The role of ethanol in preventing biofilm formation of Penicillium purpurogenum

Abstract

The use of fungi in biotechnology requires that no cell loss takes place; a maximal level of cell-nutrient interaction is required to achieve efficient performance. The occurrence of high cell densities or loss of biomass through cell-surface interaction prevents the desired result. The main purpose of adding ethanol was to manipulate the cell-cell and cell-surface adhesion through manipulating cell surface properties. Scanning electron microscopy indicated that the type of surface and its treatment with ethanol controls the adhesion and biofilm formation of Penicillium purpurogenum. Gamma irradiation slightly affected the wettability of polystyrene strips at 0.5 and 1 kGy, thus slightly decreasing the adhesion, but was not as effective as using ethanol to control the adhesion. The presence of ethanol in the media caused a decrease in surface-bound proteins from 0.348 to 0.133 mg/ml, while surface exopolysaccharides showed a minimal decrease.

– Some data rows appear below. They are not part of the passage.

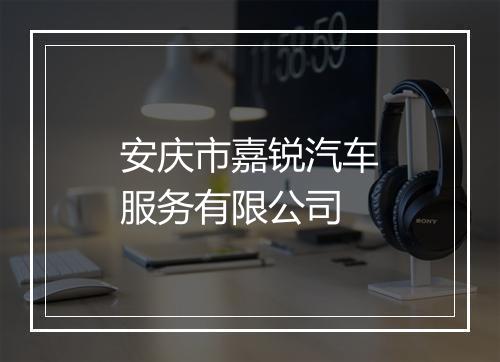 安庆市嘉锐汽车服务有限公司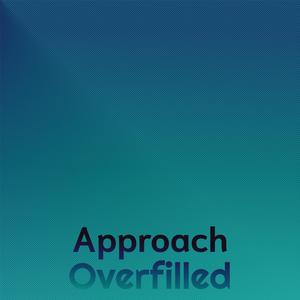 Approach Overfilled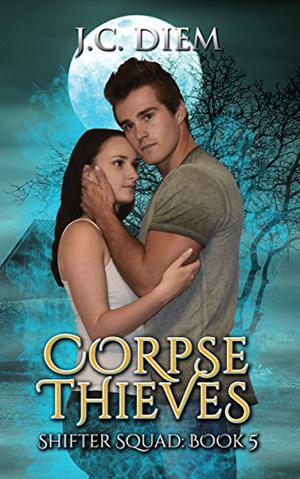 Corpse Thieves (Shifter Squad #5)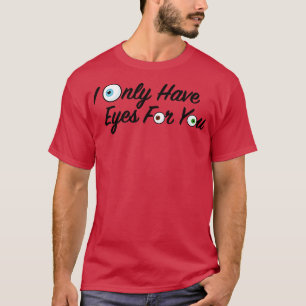 Camiseta Eu só tenho olhos para você 1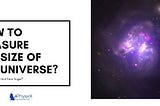 How to measure the size of the universe?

Ethanol induced oxidative stress which reached its peak when 2.5 % v/v ethanol was added to the media; this was represented by both intracellular and extracellular catalase and lipid peroxidation. On the other hand, fungal biomass and pigment showed a decrease as the ethanol concentrations increased. Therefore, ethanol could be employed to control the surface properties of a fungus, and to inhibit biofilm formation to obtain a high surface area for the fungus to be employed in any biotechnological process. © 2013 Springer-Verlag Berlin Heidelberg and the University of Milan.